Om deze doemscenario's te vermijden, heeft de Mobiliteitsalliantie een aantal concrete voorstellen gedaan. Naast het doortrekken van de Noord-Zuidlijn en de verbreding van de A4, wordt er gepleit voor het in stand houden van de pontveren die een vitale rol spelen in het vervoer van mensen over water. Dit alles, zegt De Jager, vereist niet alleen plannen, maar vooral ook daadkracht van het nieuwe kabinet.

De ChristenUnie ziet mobiliteit als een manier om de sociale cohesie te bevorderen, waarbij zowel lokale gemeenschappen als het gehele land worden verbonden. Zij focussen op betrouwbaar openbaar vervoer en goede weginfrastructuur als middelen om dit te bereiken. Hoewel deze aanpak minder controversieel is, ontbreekt het aan een duidelijke visie op milieuvraagstukken.

Denk wil het openbaar vervoer toegankelijker maken voor minderbedeelden en pleit voor eerlijkere prijzen. Daarnaast wil de partij dat er meer aandacht komt voor de transportbehoeften van minderheden en nieuwkomers. Deze inclusieve benadering kan een bepaalde niche aanspreken, maar de uitwerking en financiële haalbaarheid blijven vraagstukken.

(Tekst loopt door onder de foto)
Foto: SGP - Chris Stoffer

Bij elkaar genomen tonen deze partijen een breed scala aan benaderingen, van deregulering en economische groei tot sociale inclusiviteit en milieuduurzaamheid. Zoals de grotere partijen hun eigen specifieke kiezersgroepen aantrekken, doen ook deze kleinere partijen dat, en hun invloed op het nationale debat over mobiliteit kan niet worden genegeerd. 

De SGP, vaak gezien als conservatief en traditioneel, heeft een verrassend pragmatische benadering van mobiliteit. Ze zijn voorstander van een goed onderhouden weginfrastructuur, maar willen ook investeren in nieuwe technologieën om de verkeersdoorstroming te verbeteren. Op deze manier probeert de partij een evenwicht te vinden tussen moderniteit en traditie.

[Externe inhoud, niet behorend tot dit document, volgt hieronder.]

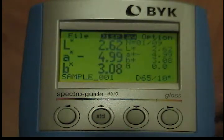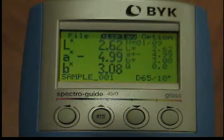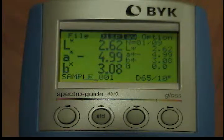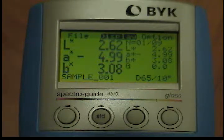The absolute values from the last reading will be displayed in a large format in accordance with the chosen color system. The type of illumination will be displayed at the lower right.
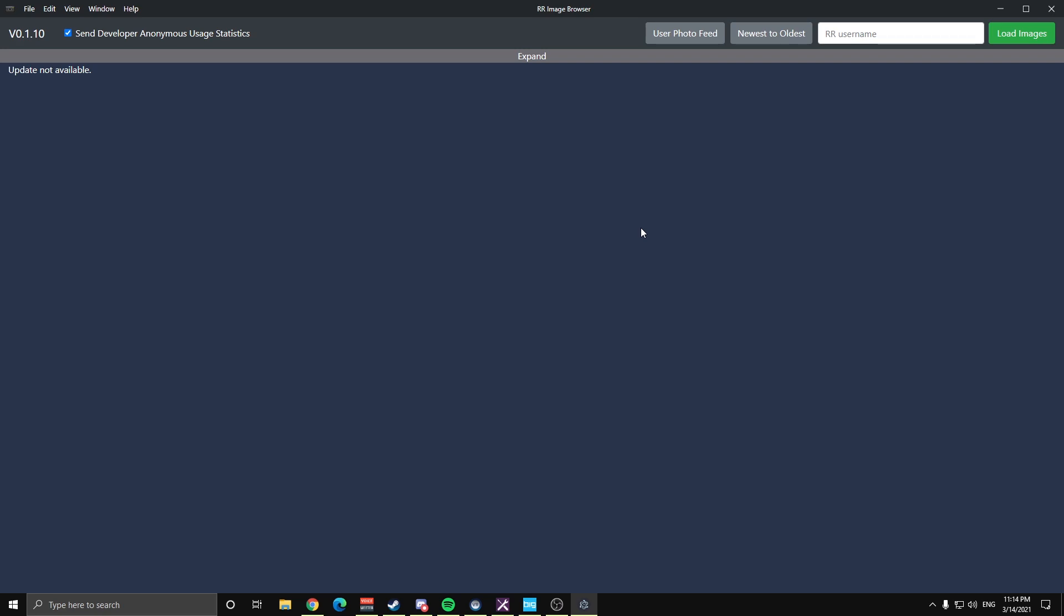So this is an application for viewing public photos from ReckNet, but without actually going to ReckNet. What you do is you can download and install this application, and when you open it up, this is the page you'll come to. You simply type in your username up here in the box. So I'll use mine, do Rocco, press enter, or I can hit the load images button.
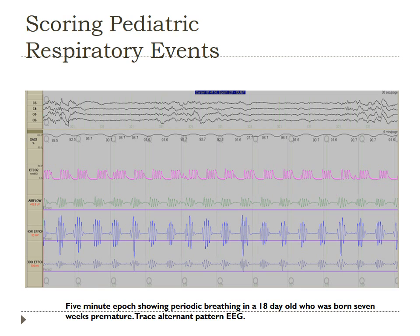Here is a five-minute epoch showing periodic breathing in an 18-day-old born seven weeks premature — the same slide we looked at with the trace alternant — but this would actually be scored as periodic breathing.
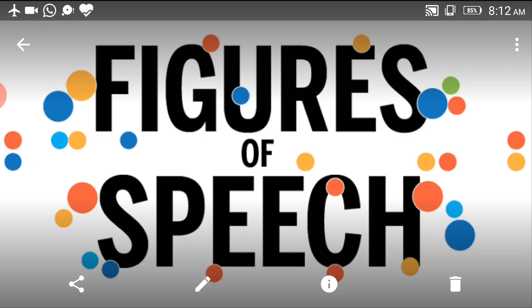Before we discuss them one by one, first of all we should know what a figure of speech is. A figure of speech is a poetic device which consists in the use of words and phrases in such a manner as to make the meaning more pointed and clear and the language more graphic and vivid. These figures of speech are also called images, for in them one thing is represented in the image of another.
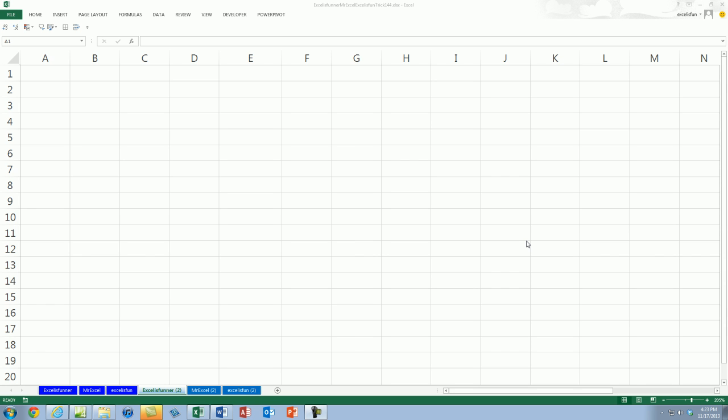Hey, here we are live at Highline Community College for another Trueling Excel podcast. I'm Bill Jelen from Mr. Excel. We'll be joined by Excel is Fun and Excel is Funner. Isaac, what do you have for us today?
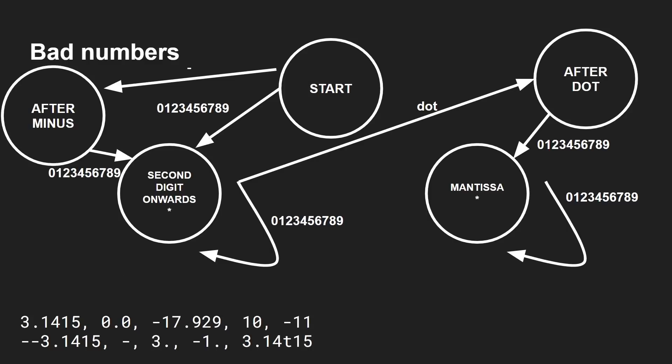Okay, so here is the final thing. Now, a couple of things to notice. First of all, if a state has an asterisk, a star, it means it's a good state that you can end in. Okay, and there are only two good states that we can end in here, second digit onwards and mantissa. So if we start here in the start and let's say we've got 3.1415, what do we go?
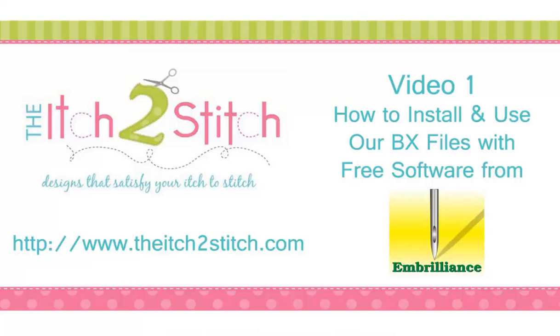Hi, this is Janae from The Itch2Stitch. In this video, I will show you how to use the BX format with free software from Embrilliance to type text and save as an embroidery design. Sound too good to be true? Well check this out.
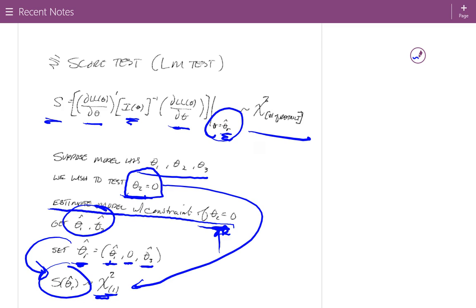The advantage of the score test is that it only requires estimating the restricted model — you don't have to estimate the full model. However, it's less common than the Wald statistic, partly because the restricted model only gives you estimates useful for testing that specific value; you don't get estimates or confidence intervals for the restricted parameters. On the other hand, there are cases where it's difficult to estimate an unconstrained model but easier to estimate a restricted one, making the score test useful.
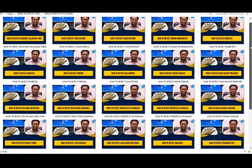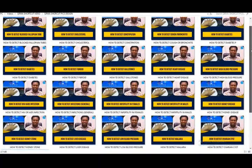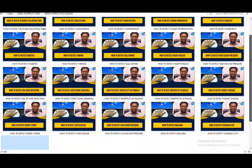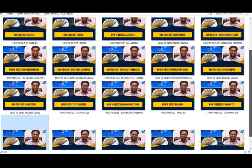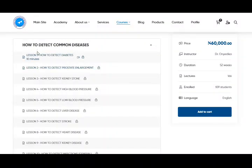I have just added this to my existing curriculum of the QRMA device online masterclass. So if you have not subscribed, you will need to subscribe. I've just added 25 new modules. We're talking about how to detect 25 common diseases with your QRMA device.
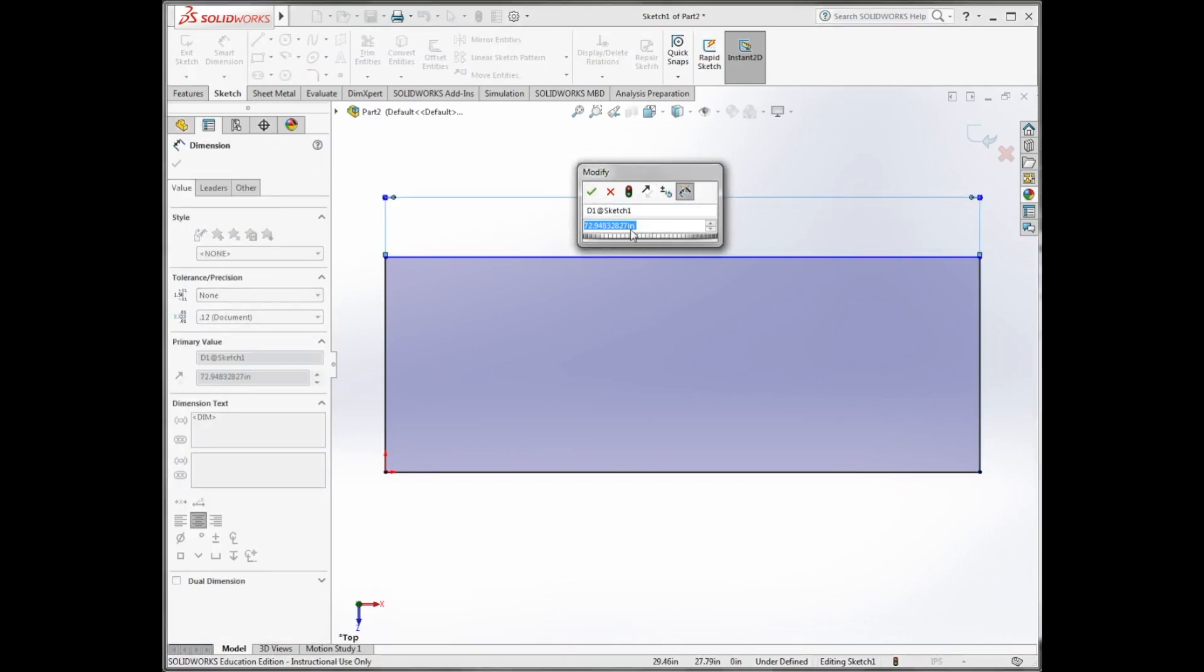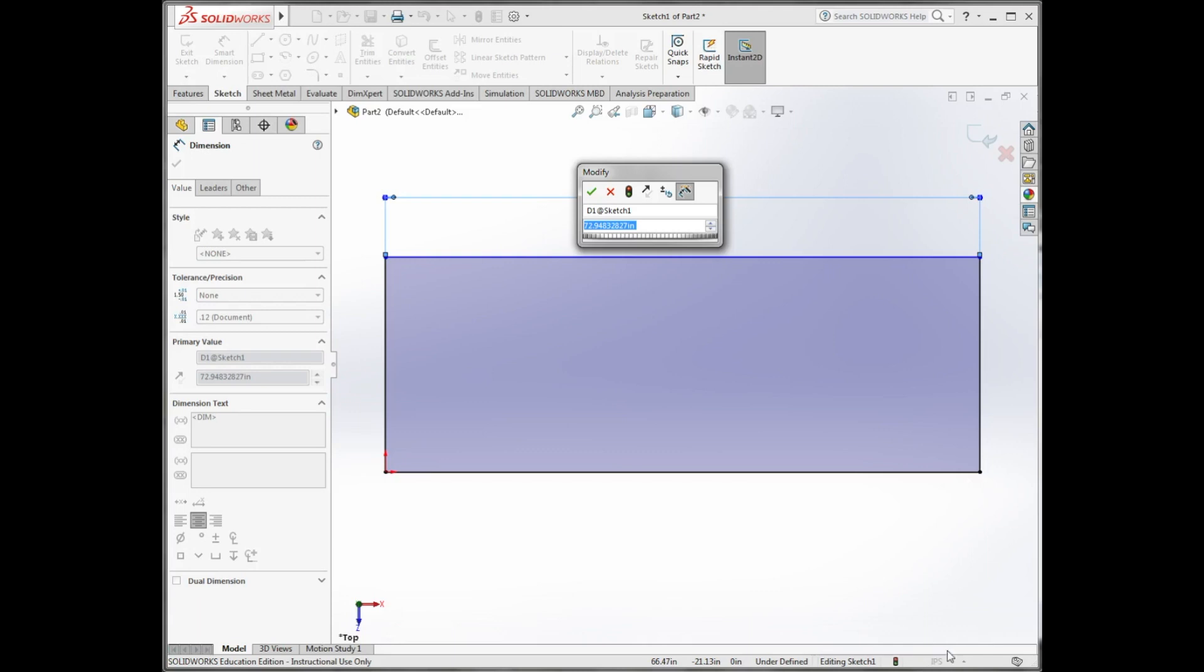IPS stands for inches, pounds and seconds, and you can see that it's currently greyed out. That's because I have an active pop-up window. When I close it,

Naarmate de verkiezingen naderen, wordt het steeds belangrijker om deze diverse visies te wegen en te overwegen welke het meest coherent en toepasbaar zijn op een nationaal niveau. Terwijl de focus vaak ligt op de grotere en bekendere partijen, dragen ook de kleinere partijen bij aan de veelzijdigheid van het debat rondom mobiliteit. Enkele voorbeelden zijn SGP, 50Plus en BIJ1.

(Tekst loopt door onder de foto)
Foto: JA 21 - Joost Eerdmans - Annabel Nanninga

JA21, een relatief nieuwe speler, houdt er liberale economische ideeën op na, waarbij particulier ondernemerschap in de mobiliteitssector wordt gestimuleerd. Ze willen de markt meer openstellen en bureaucratische belemmeringen verminderen, wat in hun ogen tot meer innovatie en efficiëntie zou leiden.

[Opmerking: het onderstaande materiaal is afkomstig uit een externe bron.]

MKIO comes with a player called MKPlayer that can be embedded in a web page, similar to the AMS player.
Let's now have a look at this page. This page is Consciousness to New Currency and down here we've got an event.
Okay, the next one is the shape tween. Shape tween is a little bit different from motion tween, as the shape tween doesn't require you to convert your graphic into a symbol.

50Plus legt de nadruk op het verbeteren van de mobiliteit voor ouderen. Dit omvat niet alleen openbaar vervoer, maar ook speciale diensten en voorzieningen voor senioren, zoals buurtbussen en ouderentaxi’s. In een vergrijzende samenleving kan deze focus op ouderen een belangrijk punt van overweging zijn.

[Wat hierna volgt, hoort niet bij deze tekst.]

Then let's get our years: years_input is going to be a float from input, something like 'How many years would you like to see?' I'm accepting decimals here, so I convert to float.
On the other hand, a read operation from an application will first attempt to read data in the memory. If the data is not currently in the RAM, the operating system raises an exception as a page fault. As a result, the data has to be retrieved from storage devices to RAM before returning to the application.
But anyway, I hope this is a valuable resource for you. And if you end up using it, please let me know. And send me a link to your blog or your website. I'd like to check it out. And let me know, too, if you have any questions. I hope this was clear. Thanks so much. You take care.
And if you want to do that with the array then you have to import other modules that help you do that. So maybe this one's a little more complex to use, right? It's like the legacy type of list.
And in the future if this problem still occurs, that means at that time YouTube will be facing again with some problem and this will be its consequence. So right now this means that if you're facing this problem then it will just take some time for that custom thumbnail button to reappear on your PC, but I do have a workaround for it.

BIJ1 richt zich op het creëren van een meer inclusieve samenleving en dit is terug te zien in hun standpunten over mobiliteit. De partij streeft naar betaalbaar en toegankelijk vervoer voor iedereen, met een speciale focus op kwetsbare groepen. Hiermee wil BIJ1 de mobiliteitskloof verkleinen die vaak te zien is in diverse en ongelijke samenlevingen.

Kortom, de kleinere partijen belichten facetten van het mobiliteitsdebat die soms over het hoofd worden gezien door de grotere partijen. Ze brengen onderwerpen als inclusiviteit, veroudering en efficiëntie naar voren, en voegen daarmee een extra laag van complexiteit toe aan de discussie. In de aanloop naar de verkiezingen zou het onverstandig zijn deze partijen en hun unieke benaderingen te negeren.